Generally, the accepted approach in batei medrash throughout the ages has been to separate the subjects into two distinct areas of study. An average day of swimming through sugyos of kim lay bidrabah minay and chazakos does not naturally give rise to discussions of the exact nature of hashgachah or ways to overcome the trait of anger. Consequently, these two disciplines remain distinct and discrete.
Nonetheless, there have been a respectable number of talmiday chachamim of the highest quality who either explicitly or implicitly advocated a fusion of sorts between the disciplines. Recently, the world of Torah scholars has seen two of its leaders, the Rav and Rav Kook, propose different models for this endeavor. In short, while the Rav advocated the extracting of hashkafa from the halakhos and lomdus of the topic,iii Rav Kook saw halakha and hashkafa as two distinct and independent areas that after being fully developed should then be synthesized into a harmonious entity. I would like to examine and then demonstrate this unique feature of Rav Kook’s derekh halimmud.

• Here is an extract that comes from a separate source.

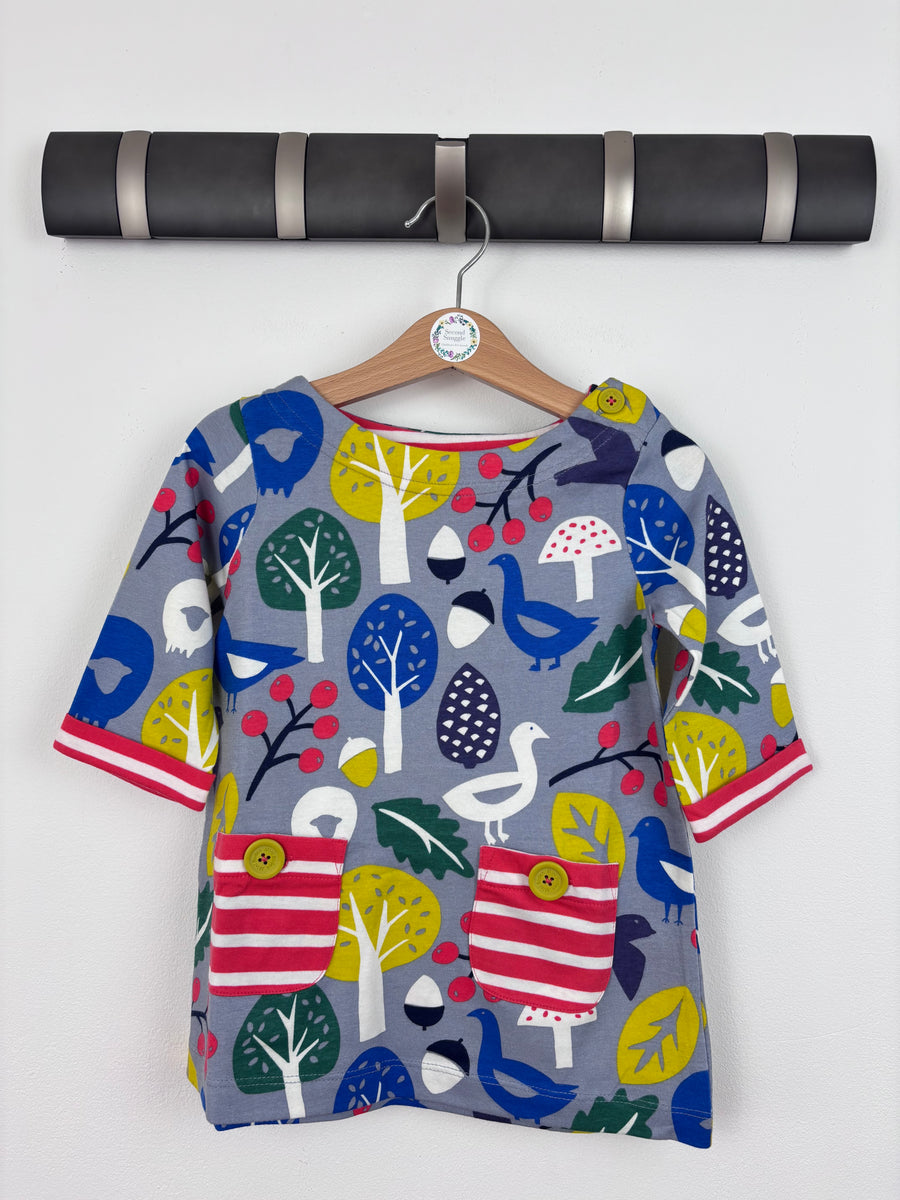 Mini Boden Printed Dress 18-24 Months-Dresses-Second Snuggle Preloved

Though Rav Kook speaks of this idea in various places throughout his works, the most focused passage appears in Orot HaKodeshiv in the midst of a series of chapters describing our obligation and innate desire to unify different aspects of our avodas Hashem. One manifestation of this sweeping idea is the unity of halakha and aggadeta, a venture that will not only bear fruits in one’s learning and perception of Torah, but it will also positively reverberate in the world at large.v
In his work Ishim V’Shittos, R. Shlomo Yosef Zevin records a cogent example of this approach that he personally heard from Rav Kook.vi Rav Kook began his sicha by describing the essential difference between the states of war and peace; namely that the former is a temporary and fleeting state while the latter is eternal in nature. After elaborating on this distinction he flawlessly moves into the halakhic realm and points out that it can be used to resolve an anomaly about the kohen mashoo’ach milchamah. While there is normally a concept of yerushah for posts of stature (assuming that the son is “fitting to fill the place of his father”), the Gemaravii[1] derives from a pasuk that this is not the case by the kohen mashoo’ach. Rav Kook explained that since yerusha represents an eternal and continuous chain, it would be incongruous to apply it to a position that oversees an impermanent phenomenon such as war.